« Corps de garde » (1818, carte de Beautemps-Beaupré) ; « Corps de garde » (1833, 3P159 3, cadastre) Toponyme de Kerouil
Cette construction fait partie de la chaîne de surveillance des côtes mise en place par Louis XIV et poursuivie par ses successeurs. Il en existe une dizaine du Pays bigouden à Douarnenez (1). Les garde-côtes qui y faisaient leur service au 18ème siècle étaient désignés parmi les hommes de la paroisse âgés de 16 à 60 ans. Le plan du corps de garde est simple : une voûte soutient une toiture en dalles de pierre, quelques ouvertures permettent de surveiller les alentours (2).
Après la Révolution et les guerres napoléoniennes le bâtiment, qui appartenait à l’armée, semble délaissé. A partir de la fin septembre 1856 il fut loué, ou « squatté », par la famille Le Goff qui y demeura plusieurs années. Jacques Le Goff, un des premiers marins de Saint-Guénolé, avait là un domicile idéalement placé pour exercer son activité.

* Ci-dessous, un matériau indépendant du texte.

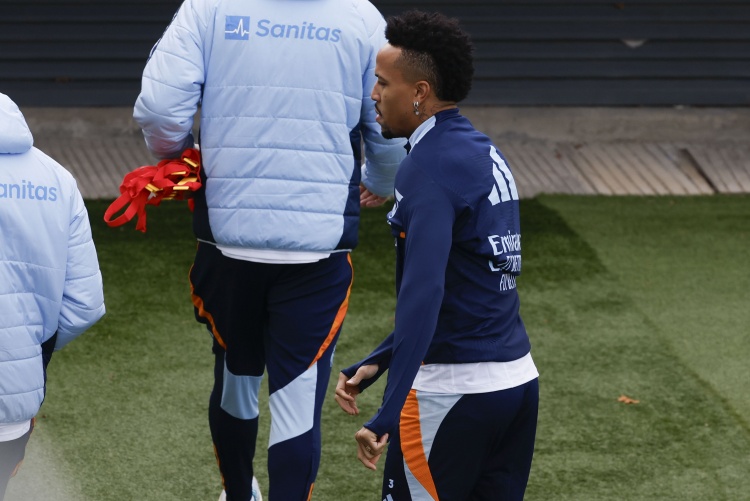 阿斯：米利唐已获得复出许可，可以出战对阵比利亚雷亚尔的比赛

Le 8 juin 1870, le bâtiment fut attribué aux Douanes (3). A l’époque le mur de défense n’existait pas et la bâtisse se trouvait en première ligne à chaque tempête. Dans la nuit du 4 décembre 1896, lors du terrible raz de marée, le douanier de garde faillit d’ailleurs y laisser la vie. Louis Ogès, qui avait rencontré des témoins du raz de marée, raconte l’évènement :
« Un douanier, enfermé dans sa cabane de pierre, assista, terrifié, à toutes les scènes d’un épouvantable spectacle, éprouvant toutes les angoisses que peut éprouver un homme devant sa mort à peu près certaine. Sa porte brisée, il resta pendant plusieurs heures debout dans son lit que recouvrait la mer. Il essaya de sortir : les flots le roulèrent comme un fétu de paille. La cabane tint bon et le brave douanier en fut quitte pour une peur compréhensible ». (4)
Pendant l’Occupation, dès 1940, c’est la douane allemande, la Zollgrenzschutz, qui l’occupa. C’était un poste de surveillance des zones côtières, appelé Gast (5) (on imagine les plaisanteries chez les marins ) composé de 14 hommes et armé d’une mitrailleuse (6).

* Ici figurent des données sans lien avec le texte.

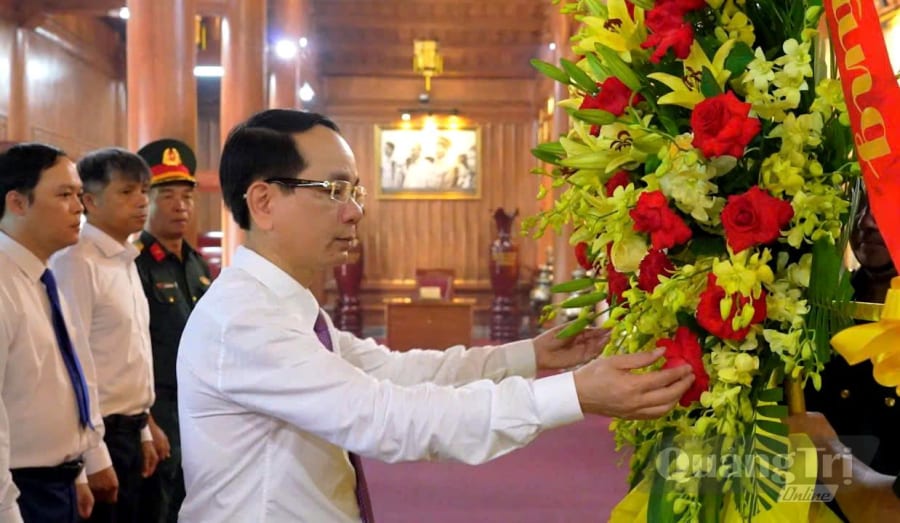 Đồng chí Phan Mạnh Hùng, Bí thư Đảng ủy phường Đồng Hới, dâng hoa tưởng niệm tại Đền thờ Bác Hồ và các Anh hùng liệt sĩ tỉnh - Ảnh: P.V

Un évènement marquant de l’histoire politique et sociale de Penmarc’h s’est produit près du corps de garde en 1932 : Le 7 août, une importante manifestation de marins y fut arrêtée par les gardes mobiles. Des heurts se produisirent à l’issue desquels les gardes mobiles furent contraints de lever le camp, impressionnés par la détermination des manifestants, en particulier des femmes de marins (7).
Auguste Dupouy signale qu’en 1890 on voyait encore deux petits menhirs à proximité du corps de garde. On les aperçoit sur un tableau du peintre belge Henri Meunier intitulé « Port de Saint-Guénolé » reproduit page 168, dans le tome 1 de « Penmarc’h qui se souvient des hommes? ».
« Poul-ty-gard » (1953, Auguste Dupouy : Souvenirs…) Toponyme nautique
Ce toponyme fait référence au corps de garde = ty-gard. On peut supposer que la mare ou l’anse ( = poull) en question se trouvait à proximité immédiate du corps de garde.
(1) Un deuxième corps de garde a été envisagé et peut-être même construit au Viben. Il est mentionné sur la Carte des côtes de Bretagne (1750-1800) conservé à la Bibliothèque nationale (site Gallica).
(2) L’Ouest de la Cornouaille dans les tourments de l’histoire .- Plogoff : Syndicat mixte Pointe du Raz – Grand site de France, sd.
(3) 2 Q 548
(4) Ogès, Louis in Le Télégramme du 12 mai 1954.
(5) Gast est un mot breton qui signifie putain.